What you\'ll do:The Enterprise AI Engineer is a high-impact, highly visible role at the intersection of artificial intelligence, business strategy, and hands-on technical execution. This is a field-facing, mission-critical role for engineers who think like founders and operate like consultants. In this role, you won\'t just be building technology for the bank; you\'ll be working side by side with engineers from our strategic partners, such as OpenAI & ElevenLabs.
The Enterprise AI Engineer will be a member of a central team fully focused on delivering automation & AI-powered solutions that solve real problems and create measurable impact. You will partner with business units and functional areas to understand complex challenges, design and build production-grade AI and automation workflows, and implement scalable systems and elevated capability.
This role demands a rare combination: deep technical acuity, executive presence, and the instinct to translate ambiguous business needs into working solutions.
Key ResponsibilitiesBusiness Solutioning, Engineering & Delivery- Embed within business functions across the institution to identify, scope, and deliver automation and AI-enabled solutions that address high-priority operational and strategic challenges.
- Translate complex, ambiguous business problems into structured technical requirements and delivery plans.
- Lead end-to-end project delivery from discovery and prototyping through production deployment and adoption, maintaining clear accountability at each stage.
- Build production-ready solutions with strong engineering fundamentals: reliability, observability, security, and scalability.
- Write, review, and ship code across the stack using Python, JavaScript/TypeScript, or comparable languages.
- Integrate AI capabilities with core banking platforms, data infrastructure, and third-party systems via APIs and data pipelines.
- Ensure AI systems meet model risk management standards, data governance policies, and applicable regulatory expectations.
Stakeholder Engagement & Change Leadership- Develop playbooks, reusable components, and implementation patterns that accelerate future AI deployments across the institution.
- Represent AI capabilities and implementation insights in executive and governance forums as needed.
- Build trusted relationships with senior business leaders, risk officers, operations leaders, and technology teams across the institution.
- Communicate complex technical concepts clearly and compellingly to non-technical audiences, adapting messaging to the audience.
- Lead change management and adoption efforts to ensure AI solutions are embedded, understood, and sustained within business teams.
- Facilitate working sessions, stakeholder reviews, and demos that drive alignment and accelerate decision-making.
AI Governance, Risk & Regulatory Alignment- Ensure deployed AI systems are developed and maintained in accordance with the Bank\'s AI governance framework, model risk management standards, and applicable regulatory guidance (OCC, FFIEC, FinCEN).
- Coordinate with Model Risk Management, Compliance, Legal, and Audit teams to support reviews, validations, and documentation of AI systems.
- Maintain accurate records for AI model inventories, governance logs, and deployment documentation.
- Monitor and communicate emerging regulatory developments related to AI/ML use in financial services.
- Identify risks in AI systems early and surface them through appropriate governance channels with recommended mitigations.
What do you need?- Bachelor\'s degree in Computer Science, Engineering, Mathematics, Data Science, or a related technical field; advanced degree a plus.
- Minimum 4+ years of experience in software engineering, AI/ML engineering, technical deployment, or a related field, including demonstrated customer- or business-facing delivery.
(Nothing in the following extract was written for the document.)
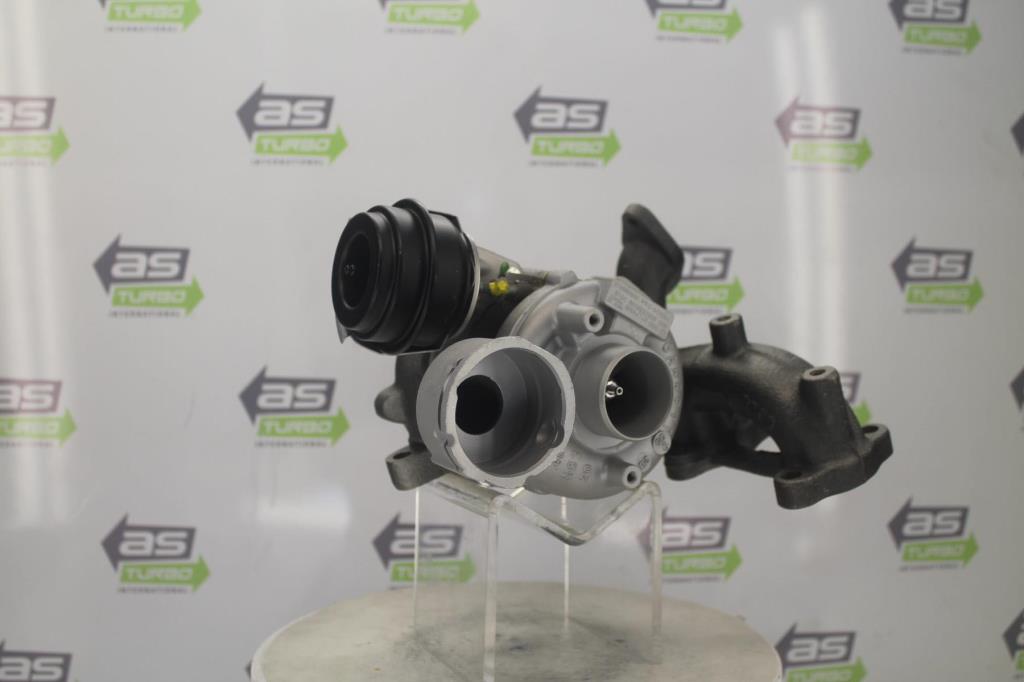 Turbocompresseur (Turbo) DA SILVA S.A.S. ref. AS7321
- Proven ability to build and ship production-grade AI systems using LLMs / generative AI
- Strong full-stack engineering proficiency with Python, JavaScript/TypeScript, or comparable languages.
- Demonstrated ability to scope complex technical projects, drive delivery in ambiguous environments, and manage competing priorities without losing momentum.
- Outstanding communication skills: able to engage C-suite stakeholders and technical engineers with equal fluency.
- High degree of intellectual curiosity and a growth mindset - you actively seek out what you don\'t know and close those gaps fast.
- Ability and willingness to travel to business unit sites across the institution and to key external engagements as needed.
Preferred Qualifications (Nice to Haves)- Experience working in regulated industries - financial services, healthcare, or government - with an understanding of compliance and risk considerations in AI deployment.
- Familiarity with banking operations, risk management, BSA/AML processes, or financial crimes compliance functions.
- Background in data engineering or platform engineering in cloud environments (AWS, Azure, or GCP).
- Experience working in a forward-deployed, consulting, or embedded engineering capacity with business clients.
- Exposure to enterprise AI governance frameworks, model risk management, or responsible AI practices.
- Professional certifications in AI/ML, cloud architecture, or project management are a plus.
Technology Skills- Proficiency in Python and JavaScript/TypeScript for full-stack AI development.
- Experience with LLM orchestration frameworks and API-based model deployment.
- Familiarity with cloud platforms (AWS, Azure, or GCP)
- Proficiency in Microsoft Office applications (Word, Excel, PowerPoint, Outlook) for executive communication and documentation.
- Experience with project management and collaboration tools such as Jira, Confluence, SharePoint, or similar platforms.